Instructions to follow: Retype the listing below line for line, but only from the line with "Jewelry Hanging Organizer, Oxford" down to the line with "Turquoise Sterling Silver", inclusive. Pictures stay out.

Record extracts:
· · · · · · ·

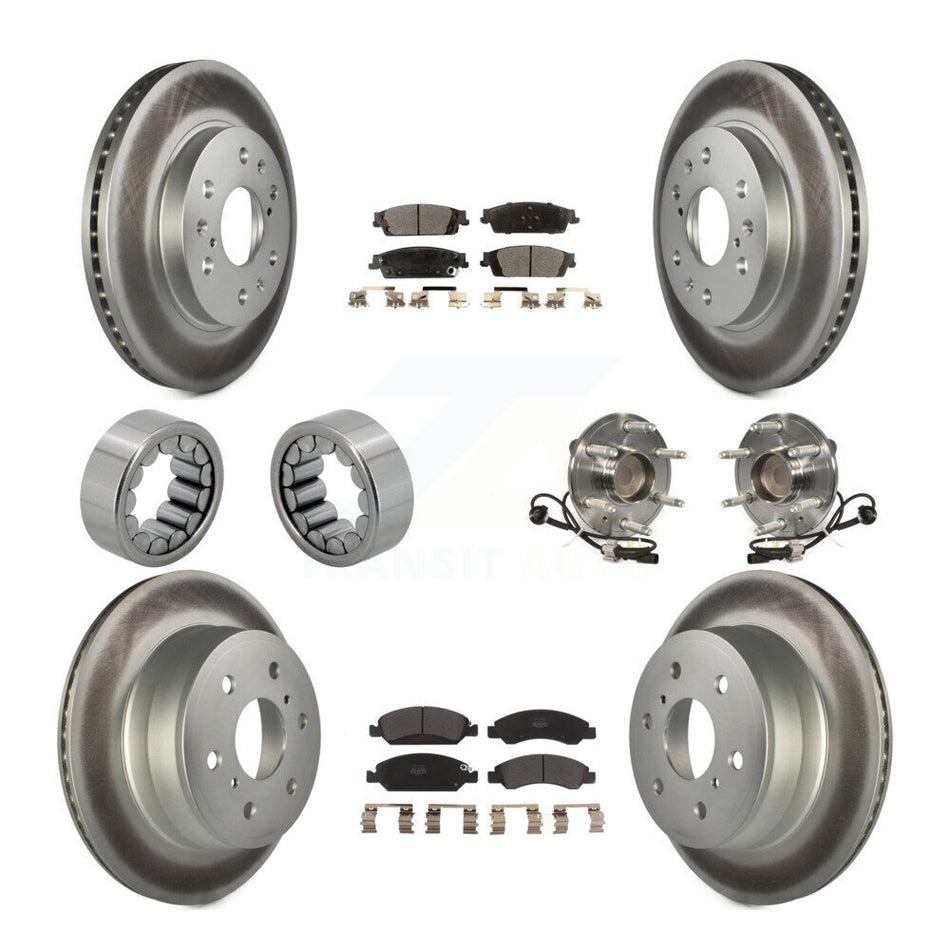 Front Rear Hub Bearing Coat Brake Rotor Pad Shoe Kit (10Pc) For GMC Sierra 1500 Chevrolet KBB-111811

· · · · · · ·

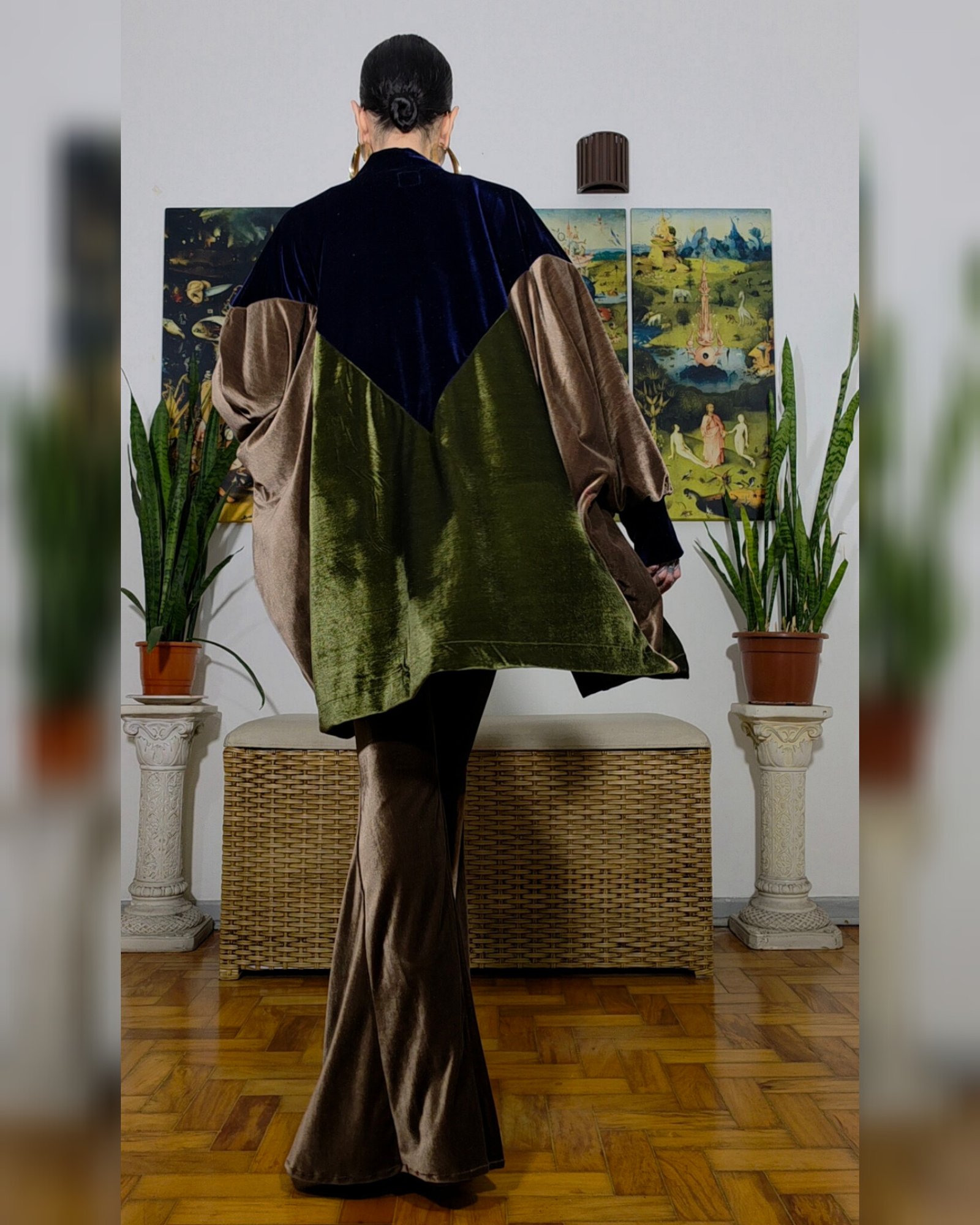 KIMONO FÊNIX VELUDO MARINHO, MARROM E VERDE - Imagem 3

· · · · · · ·

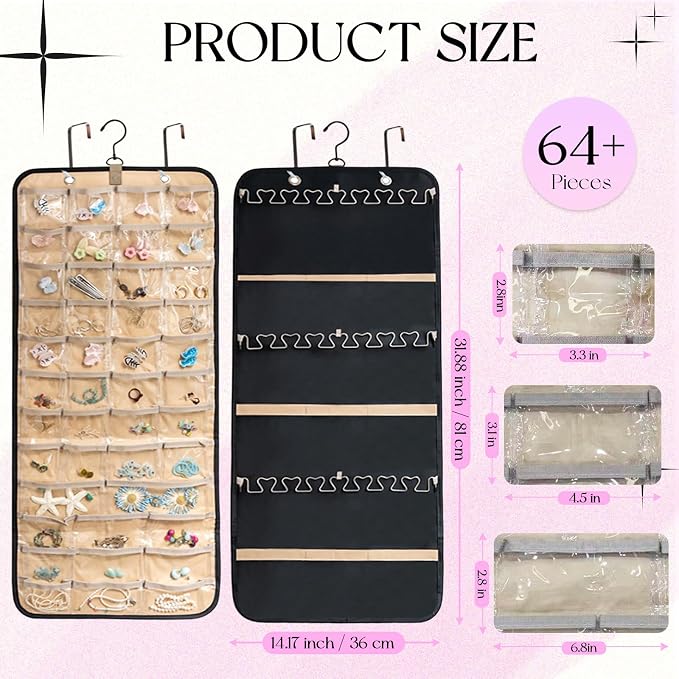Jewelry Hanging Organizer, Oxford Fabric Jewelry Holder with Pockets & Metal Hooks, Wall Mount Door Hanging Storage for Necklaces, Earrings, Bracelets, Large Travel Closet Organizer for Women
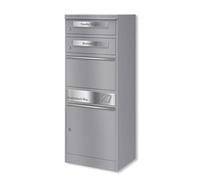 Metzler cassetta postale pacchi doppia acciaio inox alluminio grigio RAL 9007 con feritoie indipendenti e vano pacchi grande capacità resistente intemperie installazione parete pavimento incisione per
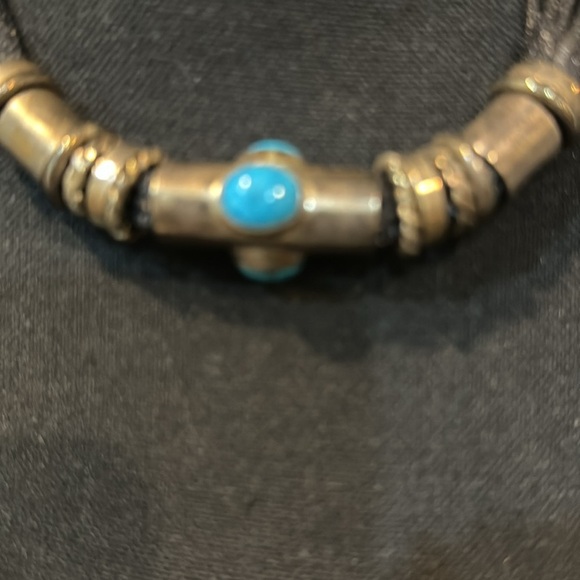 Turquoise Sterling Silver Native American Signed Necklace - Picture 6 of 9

· · · · · · ·

Result of the exercise:
Jewelry Hanging Organizer, Oxford Fabric Jewelry Holder with Pockets & Metal Hooks, Wall Mount Door Hanging Storage for Necklaces, Earrings, Bracelets, Large Travel Closet Organizer for Women
 Metzler cassetta postale pacchi doppia acciaio inox alluminio grigio RAL 9007 con feritoie indipendenti e vano pacchi grande capacità resistente intemperie installazione parete pavimento incisione per
 Turquoise Sterling Silver Native American Signed Necklace - Picture 6 of 9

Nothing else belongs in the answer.